*** Opening Supplied entries ***
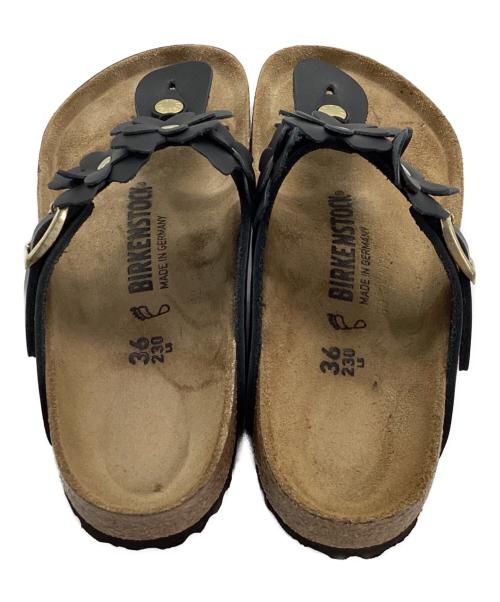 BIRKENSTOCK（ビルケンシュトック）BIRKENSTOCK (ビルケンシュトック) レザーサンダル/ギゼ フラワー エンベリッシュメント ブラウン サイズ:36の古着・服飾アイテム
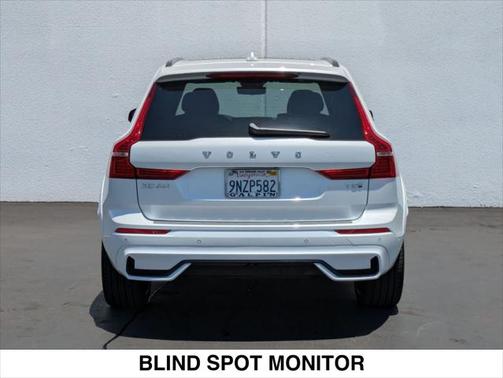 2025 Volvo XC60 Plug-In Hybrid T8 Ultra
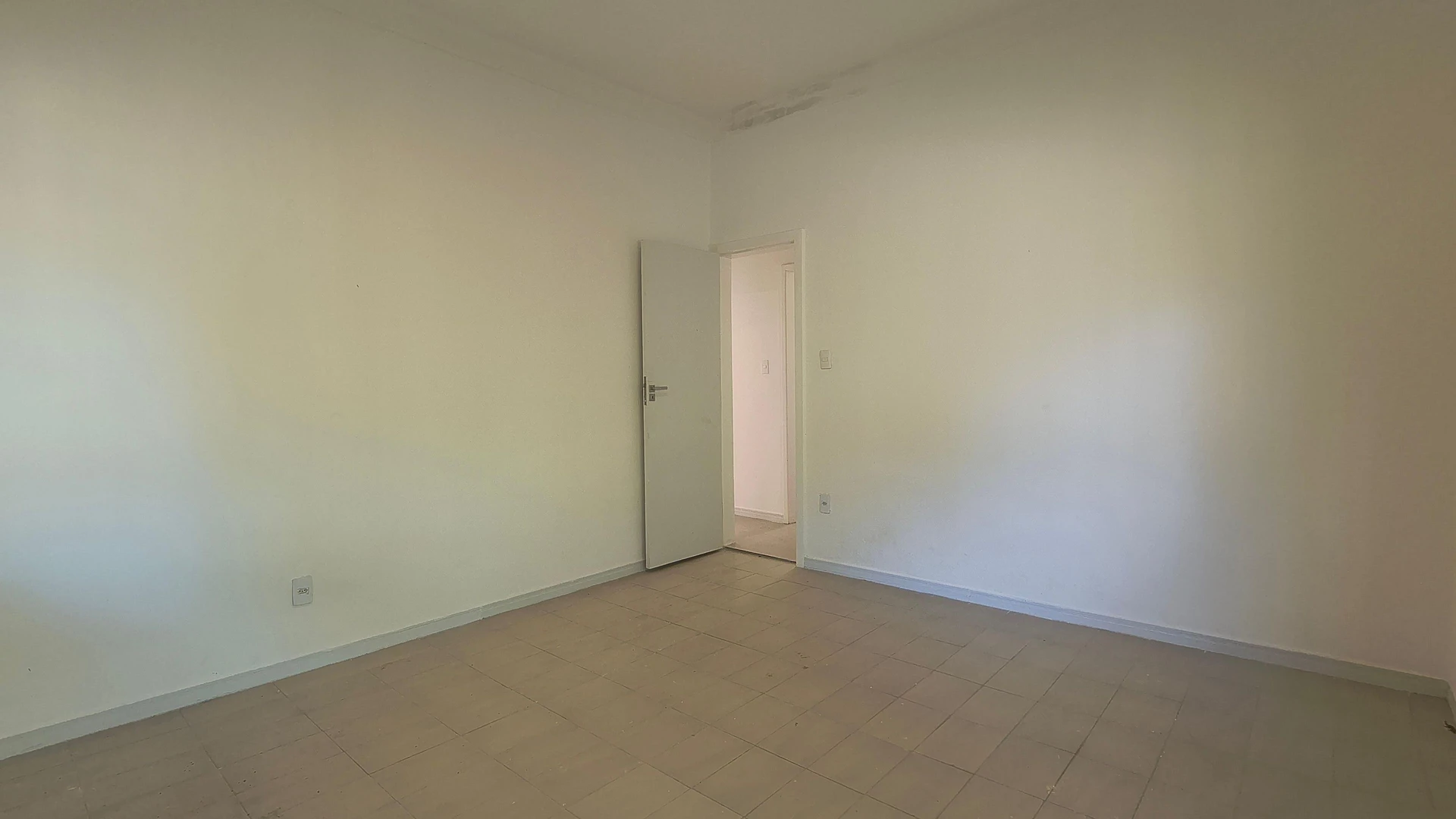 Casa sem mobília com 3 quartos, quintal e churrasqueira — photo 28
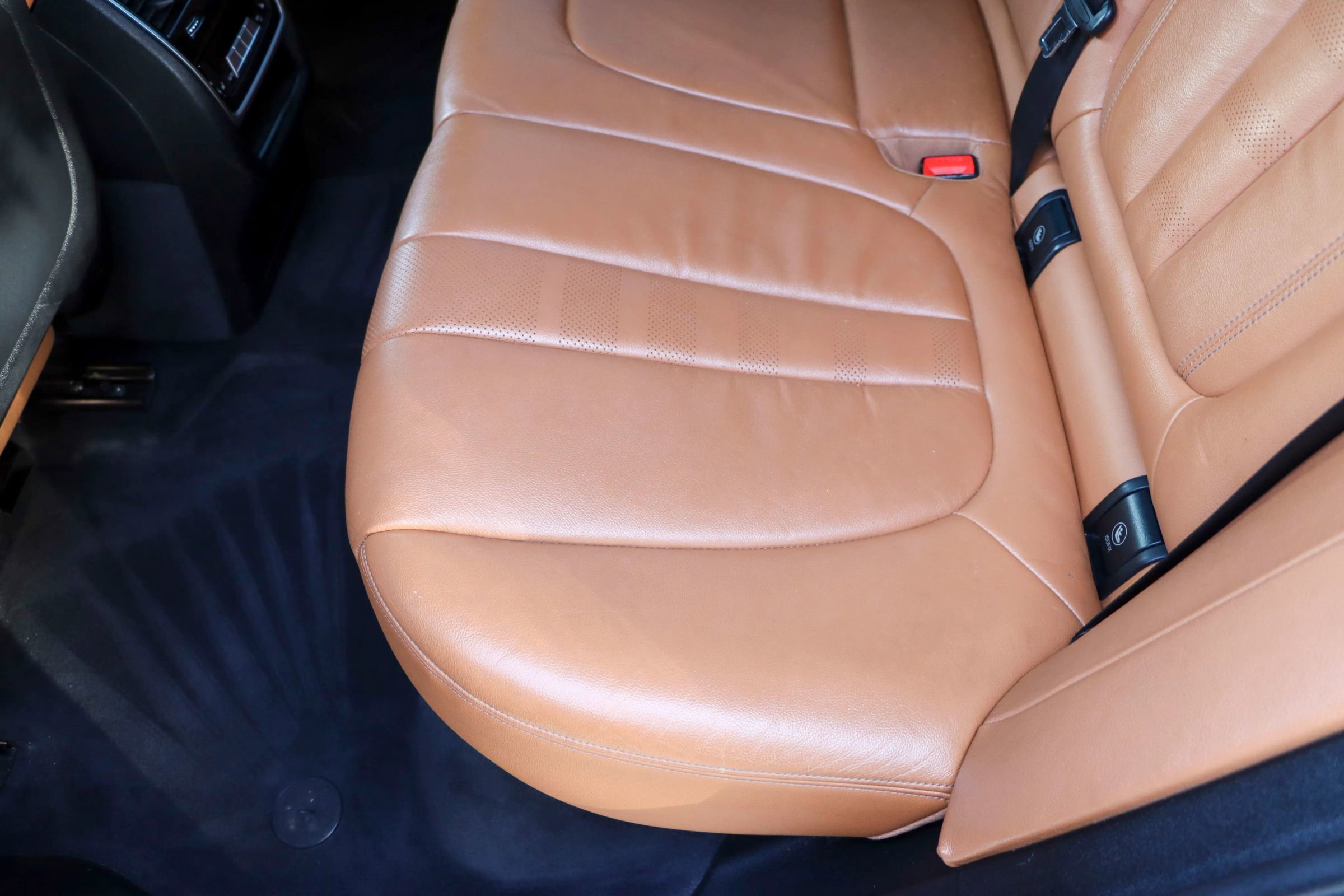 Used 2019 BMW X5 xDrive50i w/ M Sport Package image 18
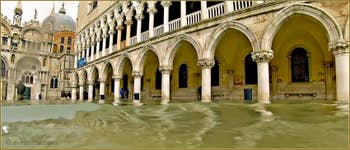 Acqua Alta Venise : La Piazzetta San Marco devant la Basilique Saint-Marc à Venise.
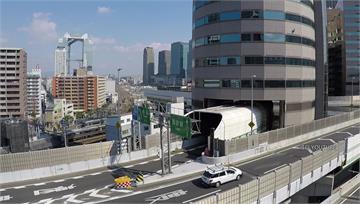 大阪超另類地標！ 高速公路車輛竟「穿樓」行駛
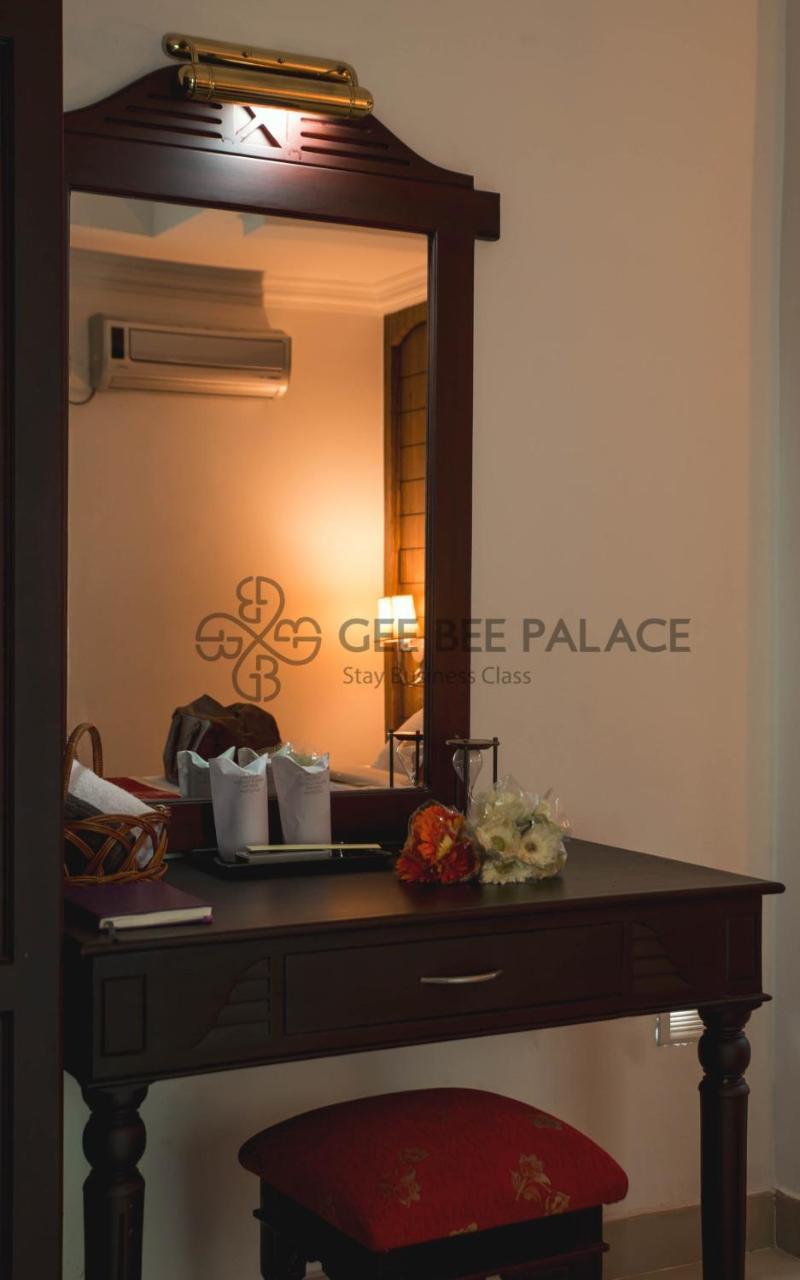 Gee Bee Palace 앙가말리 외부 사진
*** Closing Supplied entries ***
■ **Task description**
The pictures stay out of the copy. Set down the entries above precisely.

■ **Finished exercise**
 BIRKENSTOCK（ビルケンシュトック）BIRKENSTOCK (ビルケンシュトック) レザーサンダル/ギゼ フラワー エンベリッシュメント ブラウン サイズ:36の古着・服飾アイテム
 2025 Volvo XC60 Plug-In Hybrid T8 Ultra
 Casa sem mobília com 3 quartos, quintal e churrasqueira — photo 28
 Used 2019 BMW X5 xDrive50i w/ M Sport Package image 18
 Acqua Alta Venise : La Piazzetta San Marco devant la Basilique Saint-Marc à Venise.
 大阪超另類地標！ 高速公路車輛竟「穿樓」行駛
 Gee Bee Palace 앙가말리 외부 사진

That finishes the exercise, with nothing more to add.